Old Dominion Electric Cooperative challenged two of the DFAX allocations, saying it was unable to replicate PJM’s analysis. It asked the commission to direct PJM to provide the detailed information “for the sake of transparency” and to determine whether the upgrades are appropriately allocated entirely to the American Electric Power zone. ODEC questioned PJM’s 100% allocation of another project to the American Transmission Systems Inc. zone, arguing that the results of the DFAX analysis produce a 1.32% allocation to ATSI.
FERC accepted PJM’s defense of its allocations. The RTO said because only ATSI had a DFAX percentage greater than 1% for project b2898 — reconductoring the Beaver-Black River 138-kV line — that zone was assigned the entire cost of the $20 million project.
PJM said it used “an appropriate substitute proxy” for the baseline projects, reactive power upgrades that can’t be addressed by DFAX analysis, which measures over transmission lines or transformers. PJM developed an “interface comprised of the lines and transformers that surround the entire AEP system,” a localization method PJM often uses “because the majority of reactive power upgrades are intended to provide local voltage support.”

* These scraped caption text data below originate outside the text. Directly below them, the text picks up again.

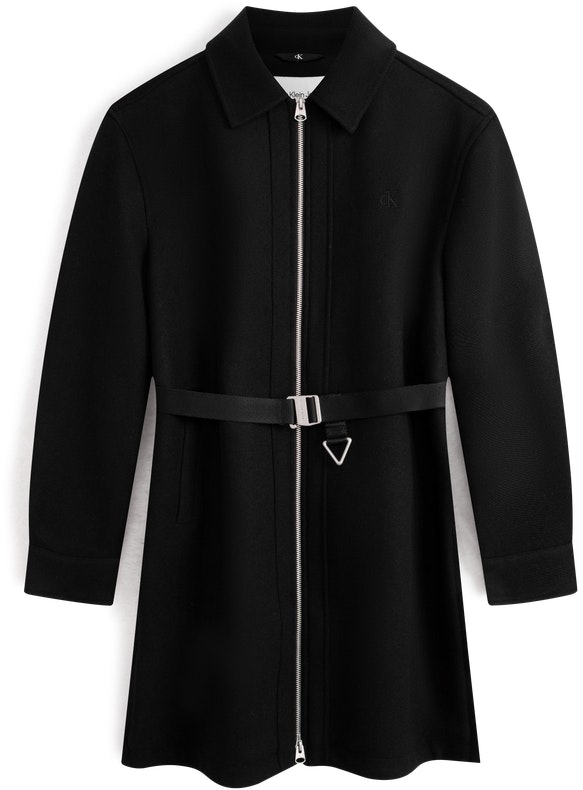 women-calvin-klein-embroidered-belted-zip-up-collar-coat-fashion-trend-j222318-beh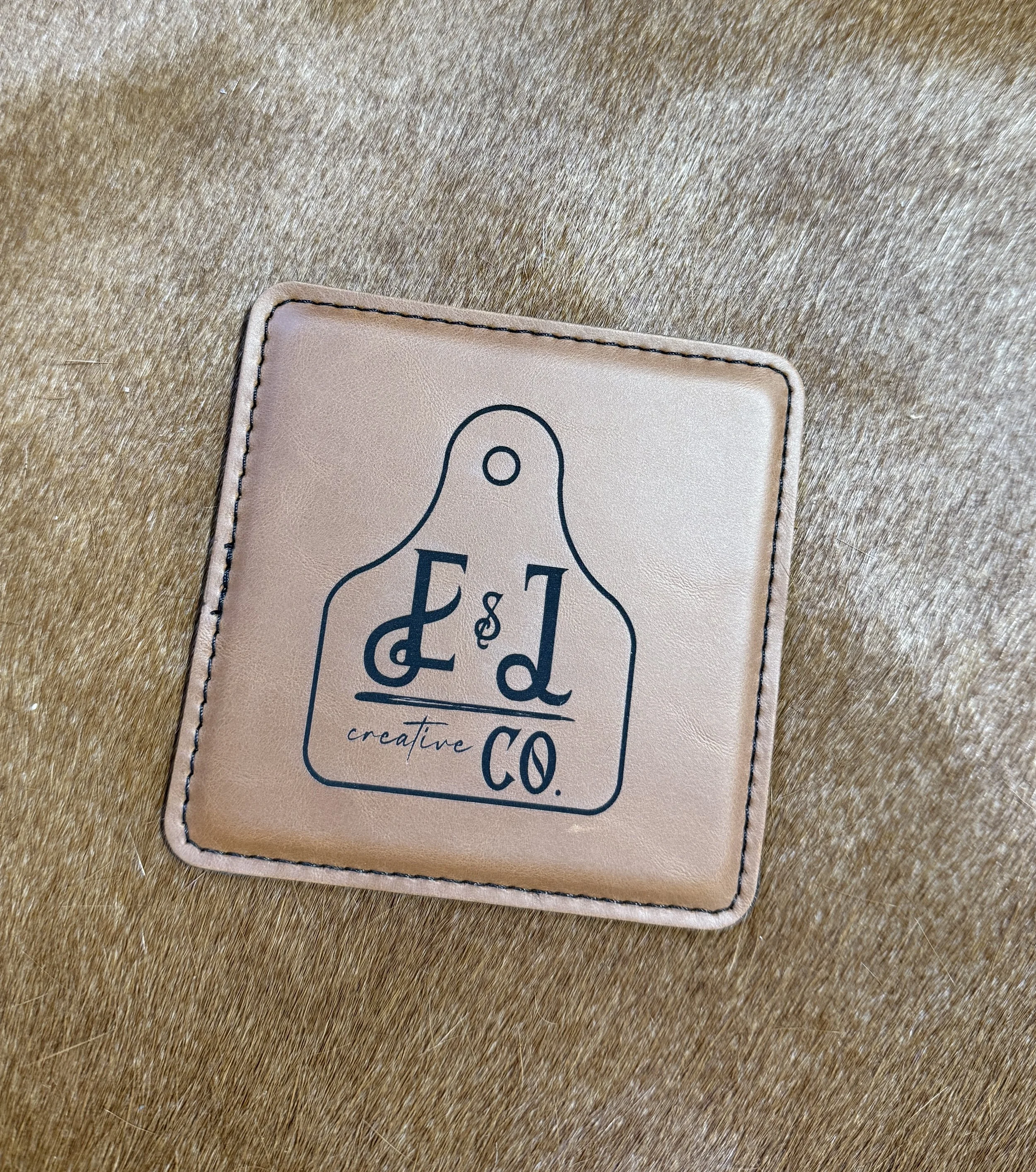 Custom Coasters - Square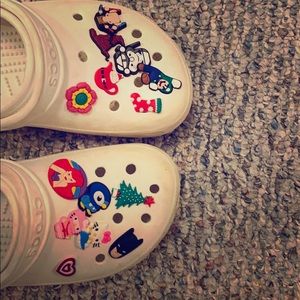 15piece croc jibbitz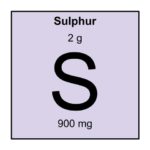 13. Sulphur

ODEC has also asked the D.C. Circuit Court of Appeals to overturn FERC’s policy of allocating all costs from Form 715 projects to the zone of the transmission owner whose criteria triggered the upgrades. ODEC said the cost allocation for the two Form 715 projects should be subject to the outcome of its challenge.
FERC said last week it didn’t have enough information to decide on complaints that American Electric Power affiliates are raking in unreasonable returns for transmission projects in PJM and SPP, instead establishing hearing and settlement judge procedures.
In PJM, American Municipal Power, Blue Ridge Power Agency, Craig-Botetourt Electric Cooperative, Indiana Michigan Municipal Distributors Association, Indiana Municipal Power Agency, Old Dominion Electric Cooperative and Wabash Valley Power Association filed complaints that AEP’s current 10.99% base return on equity is excessive. They requested a base ROE no higher than 8.32% and asked for refunds with interest. The change would save them $142 million annually in transmission costs, they said (EL17-13).
The complainants hired a consultant to develop a peer-group analysis that included 25 utilities similar to AEP. That analysis found a “zone of reasonableness” of between 5.62 and 9.46% and that the median of the values, 8.32%, was more appropriate than the midpoint.
Multiple state agencies intervened to support the complaint, including the Indiana Office of Utility Consumer Counsel, the Office of the Ohio Consumers’ Counsel, the Virginia Division of Consumer Counsel, the Virginia State Corporation Commission and the Indiana Utility Regulatory Commission.
An ad hoc group of large commercial and industrial end-use customers also commissioned an analysis, which found an appropriate zone between 5.64 and 9.44%, recommending a base ROE of 8.22%.
AEP responded with its own analysis that found an appropriate zone between 6.41 and 11.71% and that using the midpoint of the upper half of the range, rather than the median, was consistent with FERC rulings.
FERC found the complaint compelling enough to explore further and called AEP’s argument that the current rate falls within the reasonable zone “unpersuasive.”
“The commission has repeatedly rejected the assertion that every ROE within the zone of reasonableness must be treated as an equally just and reasonable ROE,” the order said, setting a refund effective date of Oct. 27, 2016.
SPP Complaint
FERC also established identical procedures for East Texas Electric Cooperative (ETEC) in its complaint against AEP subsidiaries Public Service Company of Oklahoma (PSO), Southwestern Electric Power Co. (SWEPCO), AEP Oklahoma Transmission and AEP Southwestern Transmission, setting a refund effective date of June 5, 2017 (EL17-76).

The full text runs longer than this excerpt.